También sucede lo contrario, pero es más raro, porque siempre cambiamos de gustos y de puntos de vista renegando con cierta violencia. Por eso utilizar el lápiz y no los bolígrafos o los rotuladores es un acto de compasión con uno mismo. Aunque nunca borremos las intervenciones anteriores, la mera textura del grafito alivia, indica que uno puede desdecirse y que las ideas pasadas no eran definitivas, sino parte de una trayectoria.
El bolígrafo provoca lo contrario. Las páginas pintarrajeadas con tinta, con el tiempo, se sienten aborrecibles como la ropa interior sucia de otro, sobre todo si la tinta tenía un color diferente al del texto. El bolígrafo negro resulta siempre menos agraviante que el rojo o el verde.
A pesar de los inconvenientes, los adictos al subrayado siempre preferirán un libro manchado. Sólo ellos conocen el morbo de tomar un libro ajeno y mirar las frases elegidas: pocas intimidades hay más profundas. En cambio, desasosiega tomar un ejemplar de una biblioteca personal y verlo impoluto, con las páginas rígidas y blancas, nunca maleadas.
El efecto que produce es el mismo que entrar a una casa abandonada esperando encontrar objetos y captar olores que lleven a fantasear con los recuerdos de otros y que, de pronto, descubramos que el domicilio nunca fue otra cosa que un piso piloto: están los muebles, los electrodomésticos, pero todo envuelto en una atmósfera esterilizada, sin alma.

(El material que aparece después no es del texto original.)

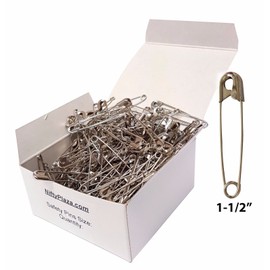 NiftyPlaza 200 Pcs Heavy Duty Large 1-1/2" Safety Pins - High-Grade Steel, Nickel Plated, Rust Resistant (200 Safety Pins)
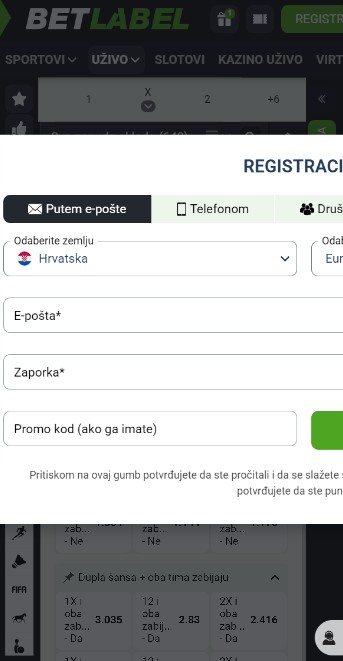 Betlabel Hrvatska Registracija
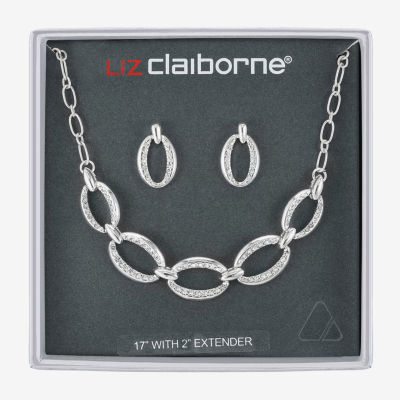 Liz Claiborne Link Frontal Collar Necklace & Drop Earring Womens Glass Hypoallergenic 2-pc. Jewelry Set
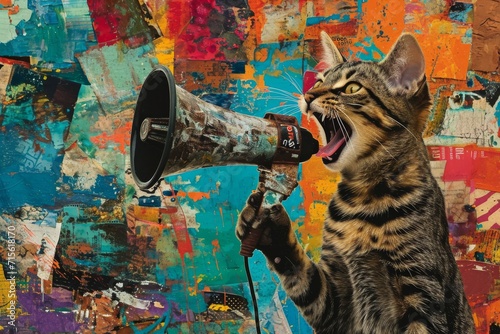 Energetic Feline Promotes Engagement With A Megaphone Amidst A Vibrant Art Collage. Сoncept Wildlife Conservation, Street Art, Animal Activism, Creative Messaging, Visual Impact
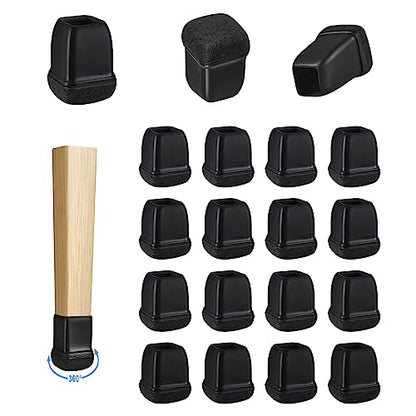 16 Pack Chair Leg Floor Protectors for Hardwood Floors, Square Rubber Furniture Sliders, 360°Felt Pad Bottom Wrapped Thickening Silicone Furniture Legs Caps Covers(Square,Black-S) - size: Black-S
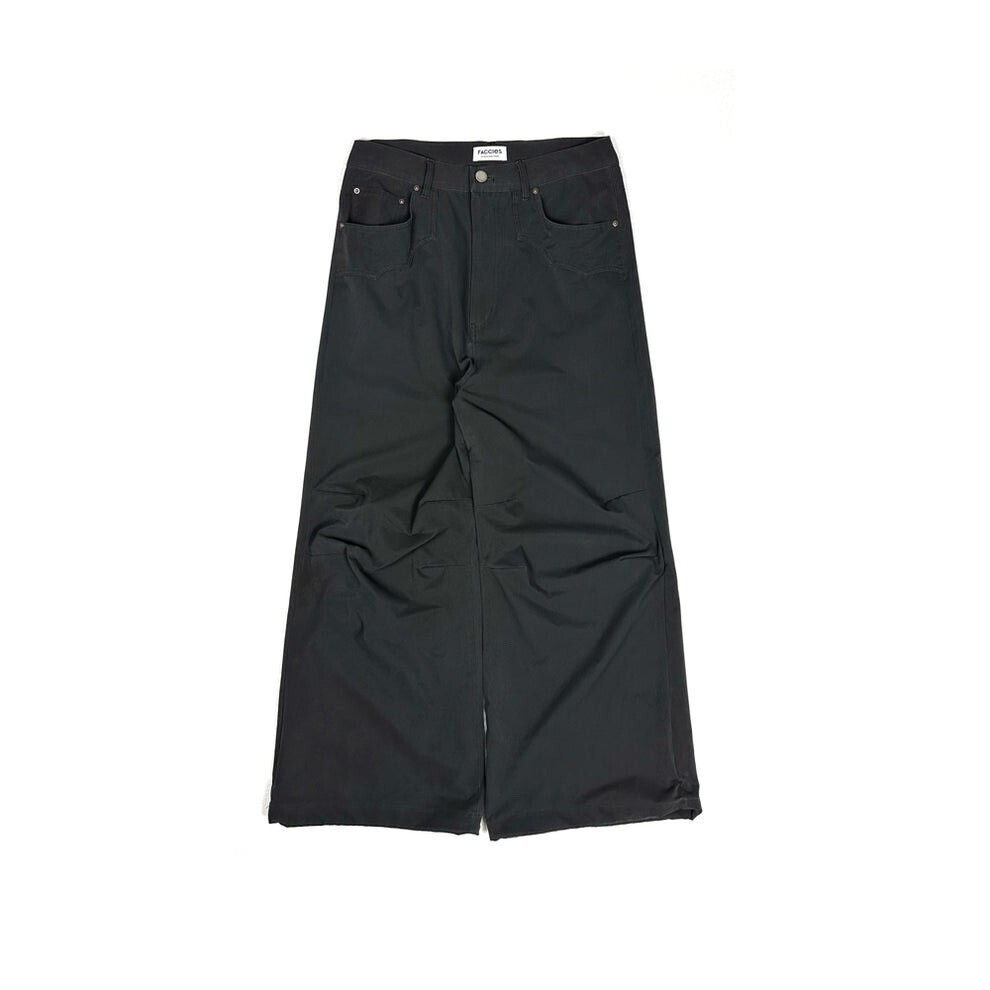 FACCIES Holey Ripstop Straight Wide PT(BLACK)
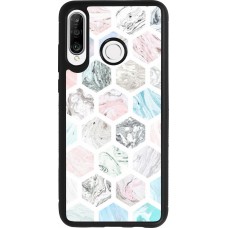 Coque Huawei P30 Lite - Silicone rigide noir Marble Everything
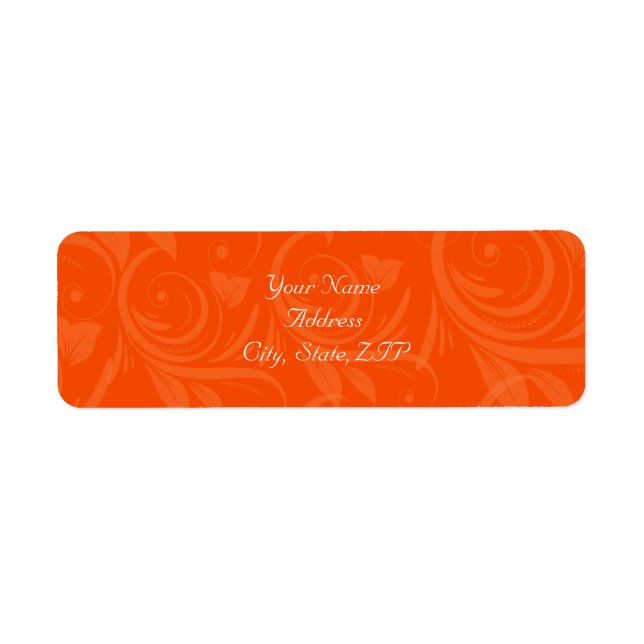 Etiqueta Boda gráfico Rosa naranja (Frente)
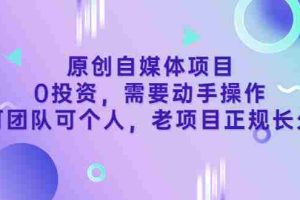 （3303期）原创自媒体项目，0投资，需要动手操作，可团队可个人，老项目正规长久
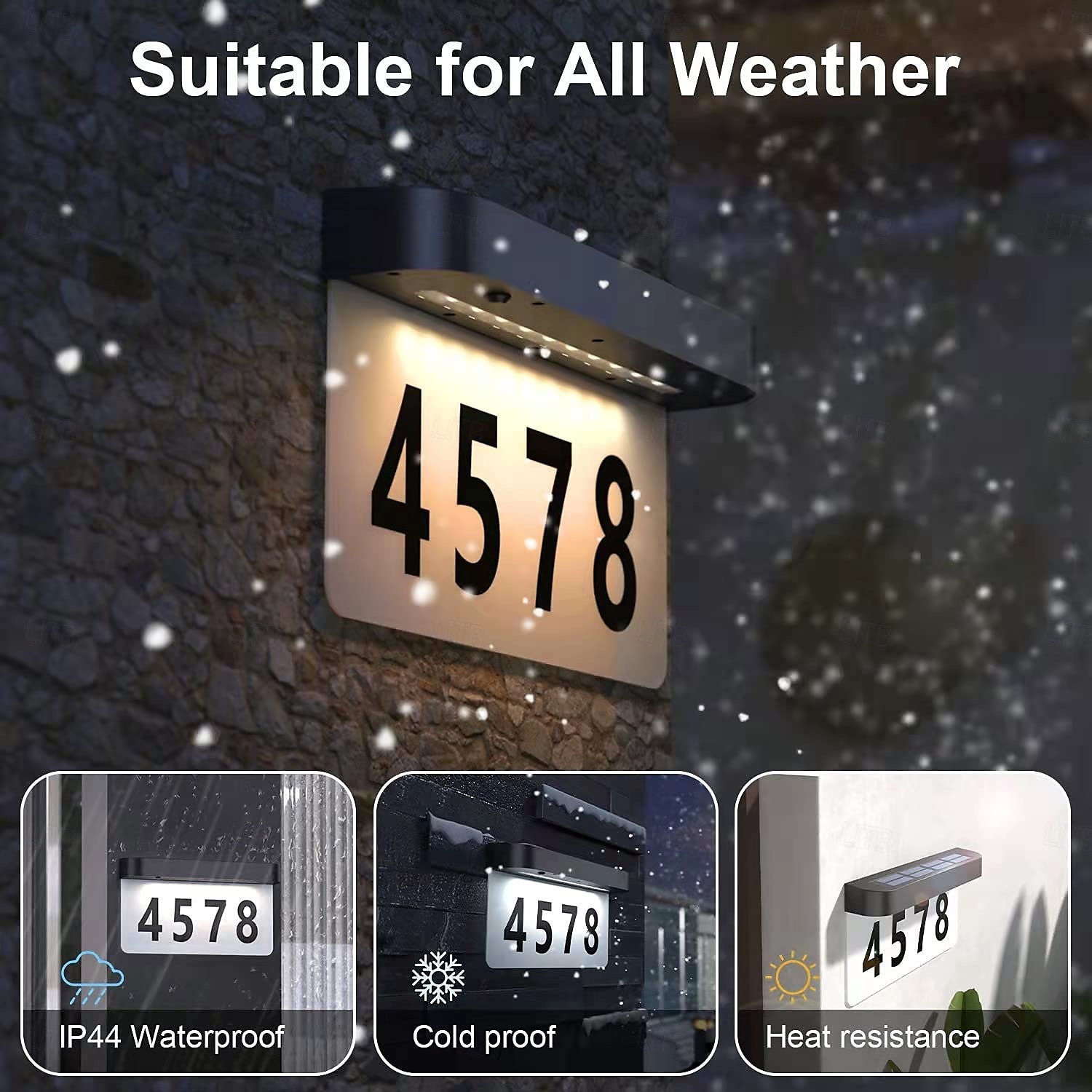 1 Pc Outdoor Solar Door Adress Lights IP44 Waterproof Warm Light White Light Street Sign Lamp Courtyard Street Corridor Lighting Wall Lights House Number Lights 2025 - $32.99 –P5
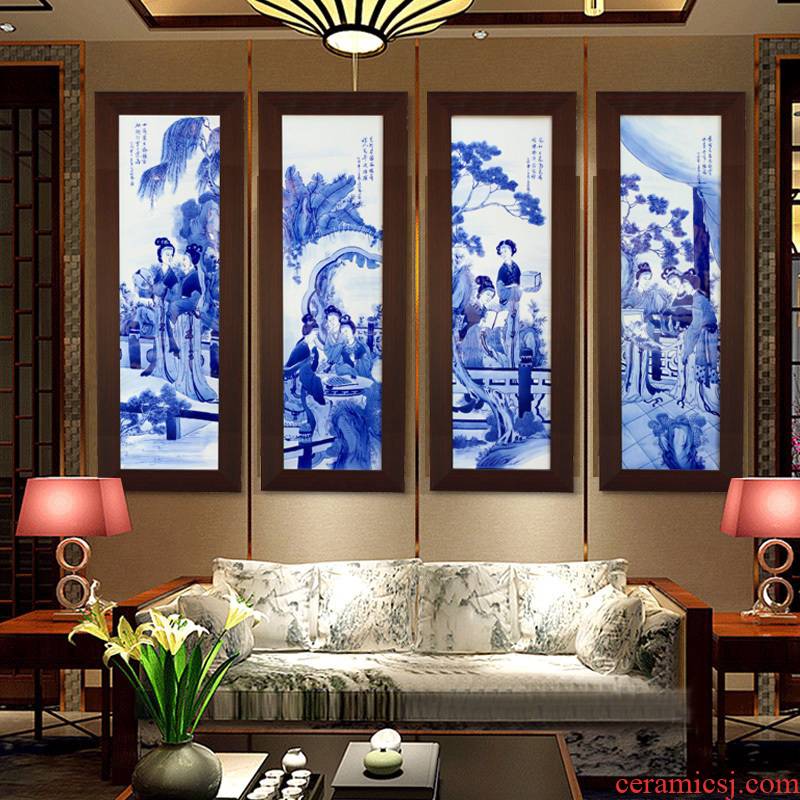 Jingdezhen blue and white porcelain plate painting unique American four screen home sitting room adornment study background wall hang a picture
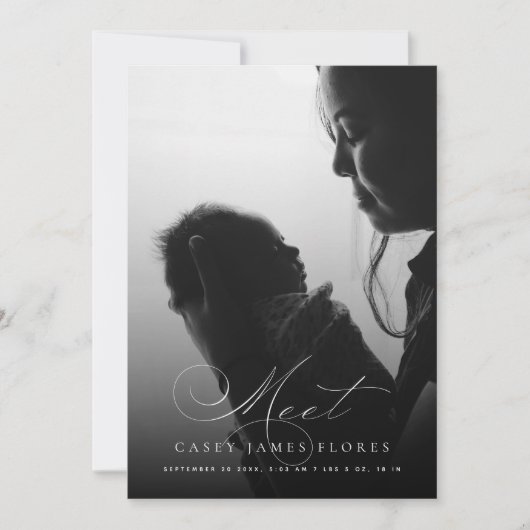 Script Meetエレガントベビーフォト誕生 案内状 (正面)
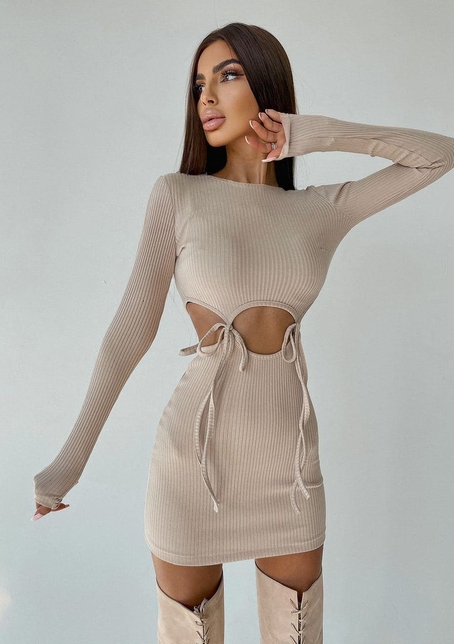 Трикотажное облегающее платье с завязками  Трикотажное облегающее платье с завязками  | PUSHKA SHOP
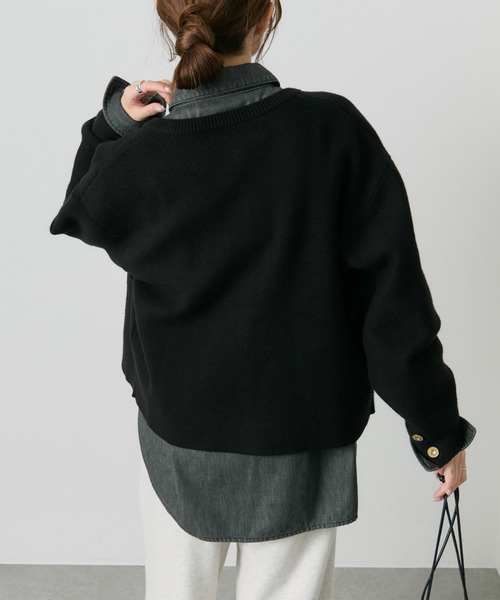 PUAL CE CIN（ピュアルセシン）の「ミラノリブニットカーディガン（カーディガン/ボレロ・レディース・アイボリー/ブラック/ネイビー・FREE）」の15枚目の写真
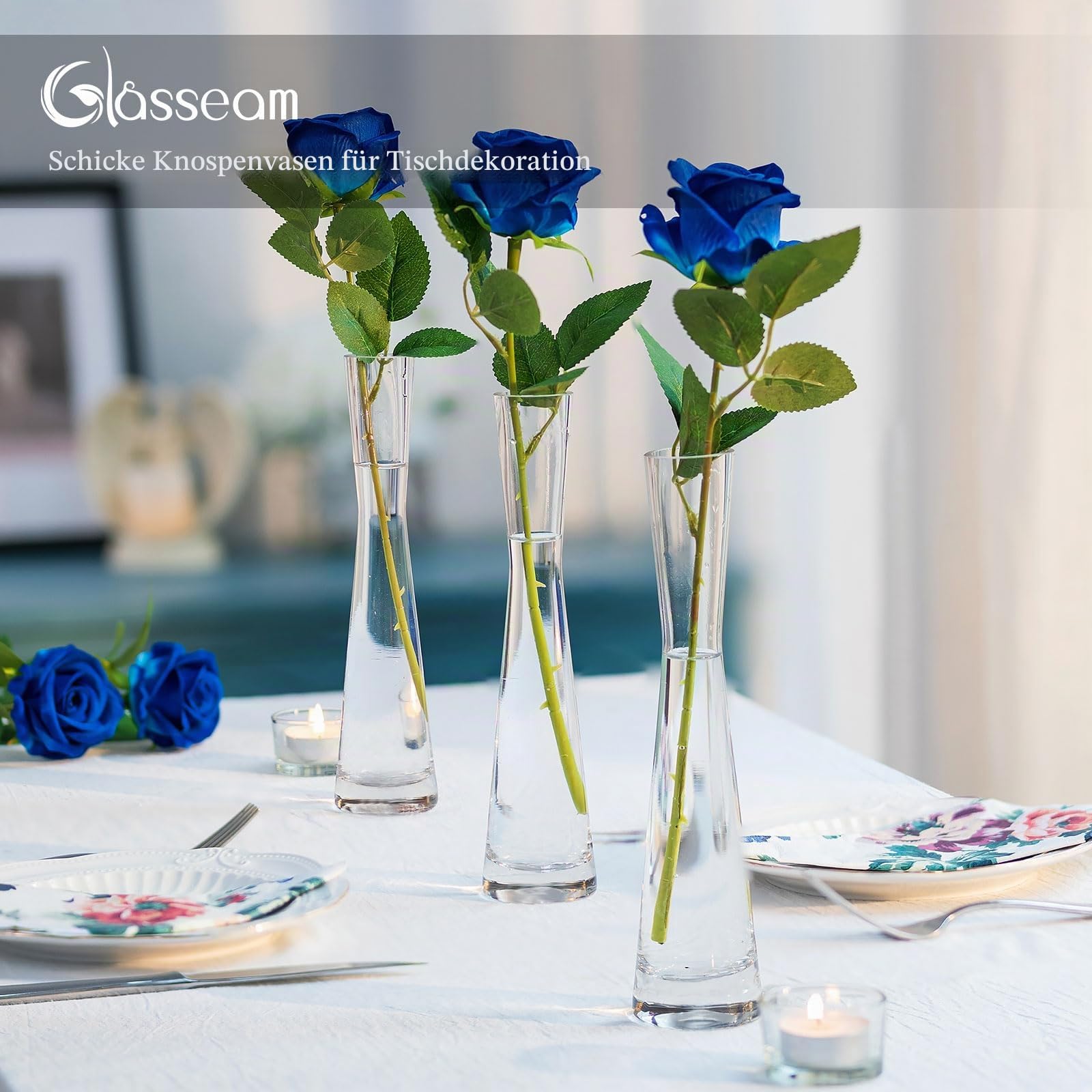Glasseam Glasvase Set für Tafelaufsätze Tischdeko, 18er Klar Vase Glas | 20cm H, Handmade Blumenvase Modern, Schmale Vasen Deko für Blumen Pflanzen Rose Tulpen, Hochzeit, Party, Home, Wohnzimmer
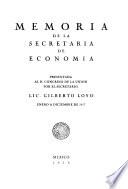 Memoria de la Secretaría de Economía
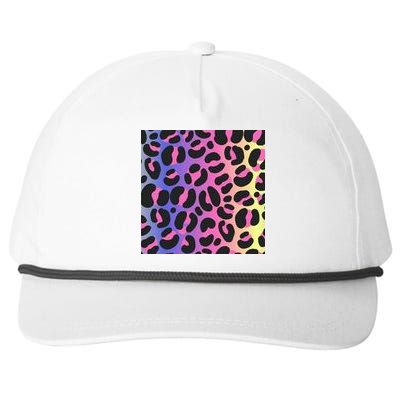 Neon Leopard Pattern Snapback Five-Panel Rope Hat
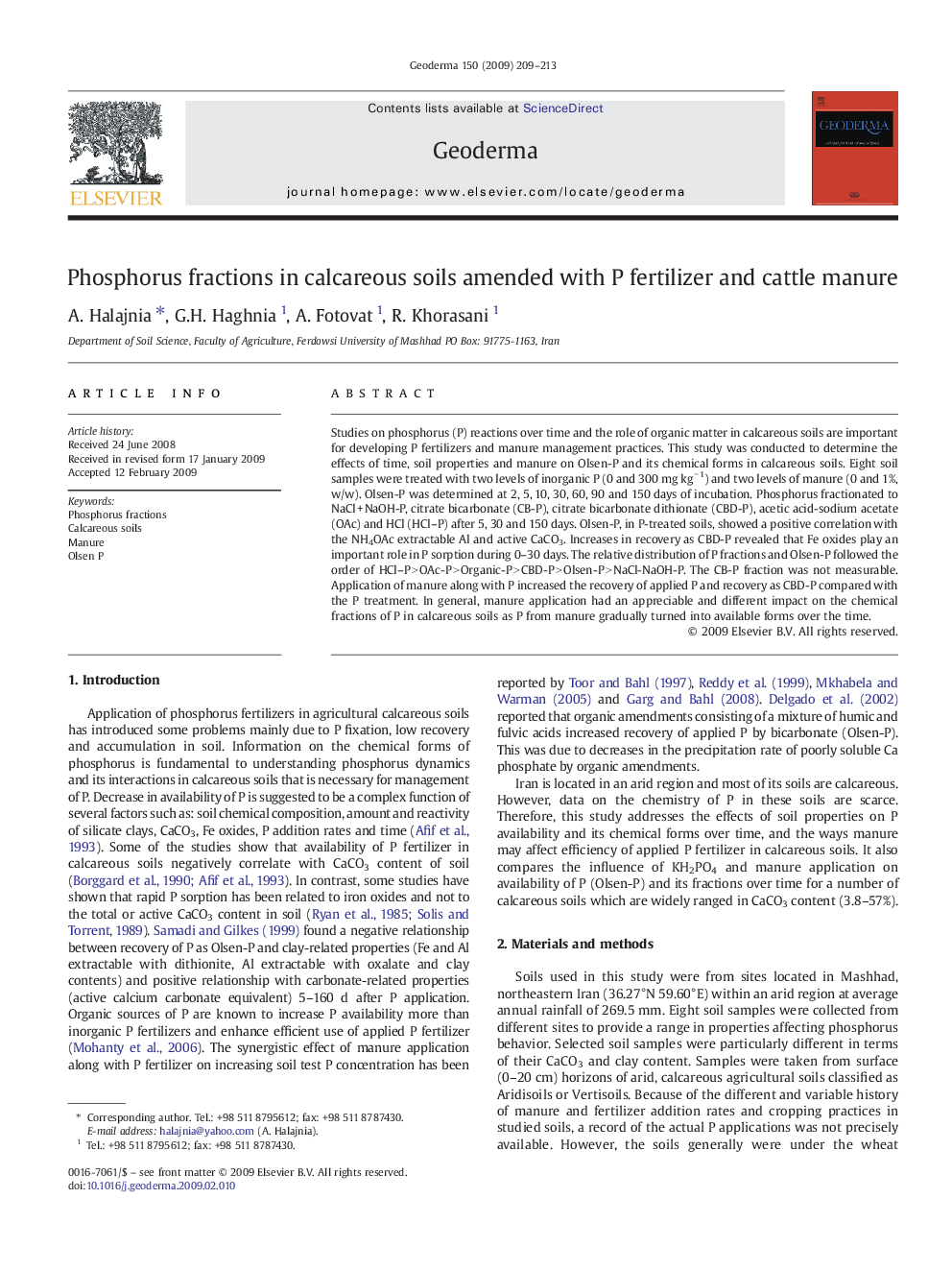 Phosphorus fractions in calcareous soils amended with P fertilizer and cattle manure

Subrayar sirve también para dejar rastro. Ya de viejo, Herman Melville marcó un par de versos en un poemario del escritor escocés James Thomson: «Ponderando una dolorosa serie de derrotas/ Y negros desastres desde el primer día de mi vida». Quedó como un mensaje para las generaciones posteriores. Nos legó una imagen: Melville consolándose con la complicidad que ofrecían las palabras de Thomson. Esa línea que surca las dos frases sería el punto de partida perfecto para narrar la historia de un genio que murió ignorando que su obra iba a coronar la cumbre de la literatura universal.